Kris Jenkins told Bob Glauber he thinks he can still play another five to six years.
Jenkins said the technique required of him in Ryan's 3-4 defense will not be as physically demanding as it was in Eric Mangini's system.
"I was in a situation last year where I didn't know everything I was getting myself into until I went out and did it," he said. "It's funny. Now that I know everything that's needed, I won't be in that 3-4 again. I'll be in a different type of defense. It’s a 3-4 in philosophy, but there are roles and responsibilities that different people have. It’s a 3-4 variation."
This is an interesting point, one which may not receive the attention it deserves. Both Mangini and Ryan prefer to run a 3-4 base defense. However, not all 3-4's are run in the same fashion. Mangini runs a traditional 3-4 in which defensive linemen are responsible for filling two gaps and holding the point of attack against blockers. Ryan seems to value pressure from all angles.
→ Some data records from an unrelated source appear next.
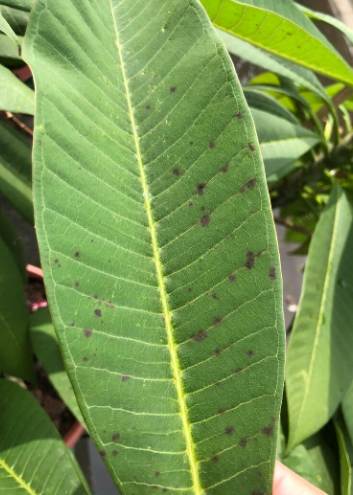 雞蛋花種植問題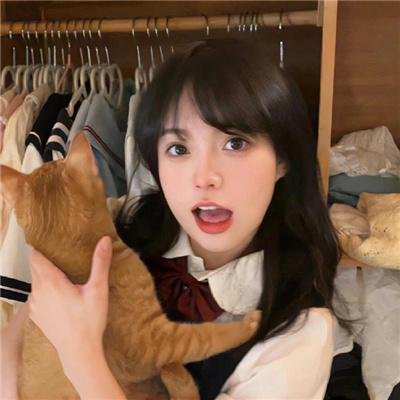 黄叶舞青风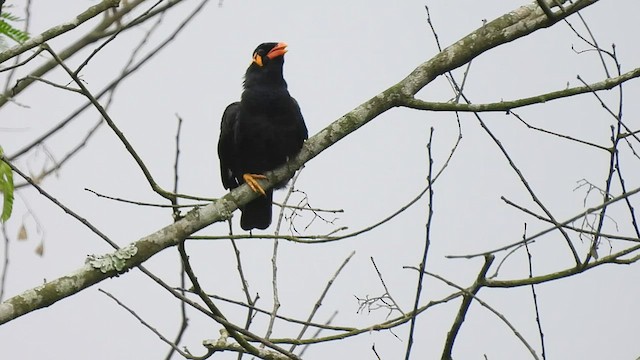 Common Hill Myna - ML440740631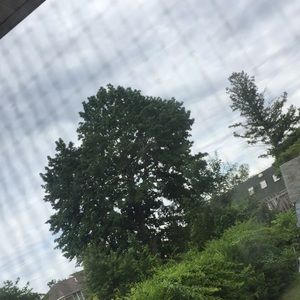 Meet your Posher, Athena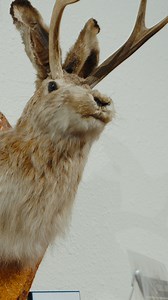 JUMP into history at the Wyoming Pioneer Memorial Museum in Douglas—located on the Wyoming State Fairgrounds—where you can explore everything from the legend of Douglas’ famous jackalope to stories from Wyoming’s rich past. It’s the perfect stop for a cozy winter outing or a summer day adventure—free admission (donations welcome) and full of surprises. #DouglasWY #JackalopeCapital #WyomingHistory | Converse County Tourism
In his defense, everybody is expected to win a matchup. The linemen are generally expected to beat linemen, not tie up blockers as much. Ryan also likes to mix up his alignments, meaning we will likely see spots where Jenkins will not match up with interior linemen. He lined up Haloti Ngata at end in Baltimore and Kelley Gregg on the nose often with the Ravens to try and create unconventional matchups in the trenches.
Since Jenkins' primary responsibility will be more to make plays than to make sure he takes on a pair of blockers every snap, he might not put the same wear and tear on his body this year as he did in 2008.
In light of this, a gap filler like recently departed Kenyon Coleman looks more expendable than he otherwise might have. Guys whose strength in penetration like say Marques Douglas and Mike Devito might fit the system better. Then again, C.J. Mosley would have seemed ideal, and the Jets only showed passing interest in keeping him around once he hit free agency.